Pinocchio, die absolute Nase
Am Donnerstag, dem 9. Oktober, präsentiert die Stadtbibliothek Cuneo Guido Giordanos Buch „Pinocchio, die absolute Nase“ . Der Kunsthistoriker Enrico Perotto und der Verleger Dino Aloi werden anwesend sein . Im Rahmen der Veranstaltung wird eine Videobotschaft von Pier Francesco Bernacchi , dem Präsidenten der Collodi-Stiftung, gezeigt. In der Ehrenhalle der Bibliothek ist bis zum 30. Oktober eine Ausstellung mit einigen Originaltafeln aus dem Buch zu sehen.

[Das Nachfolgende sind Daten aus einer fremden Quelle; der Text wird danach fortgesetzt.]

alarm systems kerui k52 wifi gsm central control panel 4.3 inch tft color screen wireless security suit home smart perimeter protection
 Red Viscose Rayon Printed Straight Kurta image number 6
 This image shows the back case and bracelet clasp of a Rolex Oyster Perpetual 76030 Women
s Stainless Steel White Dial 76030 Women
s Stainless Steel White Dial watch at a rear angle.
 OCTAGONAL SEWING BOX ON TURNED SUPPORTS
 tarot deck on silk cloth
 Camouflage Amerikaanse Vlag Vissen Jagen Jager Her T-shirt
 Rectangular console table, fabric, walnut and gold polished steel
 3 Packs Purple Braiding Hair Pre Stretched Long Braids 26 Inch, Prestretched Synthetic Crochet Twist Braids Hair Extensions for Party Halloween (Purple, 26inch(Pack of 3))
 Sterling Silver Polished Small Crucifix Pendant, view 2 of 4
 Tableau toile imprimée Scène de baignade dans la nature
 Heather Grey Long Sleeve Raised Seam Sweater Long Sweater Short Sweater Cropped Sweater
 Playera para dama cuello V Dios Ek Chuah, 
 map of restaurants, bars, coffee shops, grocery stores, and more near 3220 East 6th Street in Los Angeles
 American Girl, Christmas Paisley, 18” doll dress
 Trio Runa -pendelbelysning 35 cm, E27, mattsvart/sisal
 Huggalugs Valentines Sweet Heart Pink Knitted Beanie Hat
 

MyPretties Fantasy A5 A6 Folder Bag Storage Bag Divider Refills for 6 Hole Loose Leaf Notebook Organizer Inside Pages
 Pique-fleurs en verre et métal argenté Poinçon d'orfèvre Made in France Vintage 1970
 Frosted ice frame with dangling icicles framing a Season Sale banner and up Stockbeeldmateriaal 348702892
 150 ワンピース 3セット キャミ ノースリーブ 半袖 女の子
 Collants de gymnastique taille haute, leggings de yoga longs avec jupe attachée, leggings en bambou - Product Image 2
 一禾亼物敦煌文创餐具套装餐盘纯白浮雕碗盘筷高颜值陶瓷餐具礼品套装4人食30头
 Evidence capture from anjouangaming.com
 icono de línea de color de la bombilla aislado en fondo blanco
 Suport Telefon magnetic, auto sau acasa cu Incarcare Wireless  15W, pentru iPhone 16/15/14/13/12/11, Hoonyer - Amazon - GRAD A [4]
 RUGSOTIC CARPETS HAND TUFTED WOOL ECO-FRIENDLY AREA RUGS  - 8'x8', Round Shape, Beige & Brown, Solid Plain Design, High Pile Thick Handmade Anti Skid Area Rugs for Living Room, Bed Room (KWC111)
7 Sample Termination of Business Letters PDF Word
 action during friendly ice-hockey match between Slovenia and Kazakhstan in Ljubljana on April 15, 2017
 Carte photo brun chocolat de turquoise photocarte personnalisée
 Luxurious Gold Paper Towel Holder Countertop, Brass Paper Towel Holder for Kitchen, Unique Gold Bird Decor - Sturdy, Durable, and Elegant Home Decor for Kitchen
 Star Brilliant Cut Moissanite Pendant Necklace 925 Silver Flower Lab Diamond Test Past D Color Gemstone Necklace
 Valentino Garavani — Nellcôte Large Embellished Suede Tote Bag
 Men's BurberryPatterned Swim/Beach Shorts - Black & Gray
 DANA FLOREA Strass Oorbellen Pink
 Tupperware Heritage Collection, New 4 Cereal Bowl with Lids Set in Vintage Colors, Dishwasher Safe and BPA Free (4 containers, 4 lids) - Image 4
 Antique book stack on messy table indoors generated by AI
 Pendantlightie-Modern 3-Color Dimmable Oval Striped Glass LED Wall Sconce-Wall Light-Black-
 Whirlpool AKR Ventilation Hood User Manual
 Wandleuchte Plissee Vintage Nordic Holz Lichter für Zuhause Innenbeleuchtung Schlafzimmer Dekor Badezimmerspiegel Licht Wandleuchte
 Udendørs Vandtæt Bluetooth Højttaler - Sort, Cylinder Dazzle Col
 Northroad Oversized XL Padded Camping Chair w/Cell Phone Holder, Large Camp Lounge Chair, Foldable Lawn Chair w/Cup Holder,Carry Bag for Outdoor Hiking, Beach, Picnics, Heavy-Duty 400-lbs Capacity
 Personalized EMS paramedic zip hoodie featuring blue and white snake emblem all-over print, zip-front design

Guido Giordano, Architekt, vielseitiger Künstler und facettenreiche Persönlichkeit, hat sich im Laufe seiner Karriere mit Zeichnung, Malerei, Bildhauerei, Grafikdesign, Comics und humorvollen Cartoons auseinandergesetzt und dabei unterschiedlichste Materialien wie Bronze, Messing, Glas, Keramik und sogar Gummi verwendet. Nach seiner Adaption von Guillaume Apollinaires „Les Onze Mille Verges“ als Comic/Illustration , für die er über 250 Panels komplett mit Kugelschreiber zeichnete – ein kleines Meisterwerk mit über 750 Zitaten aus der Welt der Kunst und Kultur –, hat sich der Künstler nun „Pinocchio“ gewidmet , einem der meistgedruckten und illustrierten Texte der Welt. Guido Giordano präsentiert ein innovatives Experiment: Er hat seine eigene Version von Pinocchio geschaffen, begleitet von 300 farbigen Illustrationen. Der Text basiert auf dem Original von Carlo Lorenzini, enthält aber immer wieder eigene Anmerkungen des Autors, die durch eine andere Schriftart gekennzeichnet sind. Diese Anmerkungen sollen die Verwendung von Zeichnungen rechtfertigen, die weit über die klassische Interpretation der Geschichte hinausgehen.
Guido Giordano
wurde 1947 in Cuneo geboren und schloss 1972 sein Architekturstudium bei Carlo Mollino ab. Zu seinen zahlreichen künstlerischen Projekten zählen die Gestaltung der Innenausstattung der Stiftskirche Carmagnola und der Kirche Sant’Ambrogio in Cuneo. Er schuf das Bronzeportal für die Kirche Madonna delle Grazie in Cuneo.
Sechs Jahre lang arbeitete er mit den Zeitungen La Stampa, Stampa Sera und Torino Sette zusammen und schuf Bilder der Stadt Turin. Für die Zeitschrift Alter Linus veröffentlichte er die Figur „Flappo“.
Seine Werke wurden im Palazzo Salmatoris in Cherasco und in der Peano-Stiftung in Cuneo ausgestellt.
Er entwarf moderne Bucheinbände für bedeutende Turiner Sammler wie Livio Ambrogio und Francesco Federico Cerruti.
Die Ausstellung „Un’idea voluminosa“, humorvolle Exkurse zum Thema Bücher, wurde vom Bibliothekssystem des Piemont veranstaltet.
2018 schuf er „Les Onze Mille Verges“ nach der Erzählung von Guillaume Apollinaire.
Unvergessen ist seine Zeichnung, die sich im Durchgang zwischen dem Palazzo Chiablese und der Piazzetta Reale befindet und die Königlichen Museen von Turin illustriert.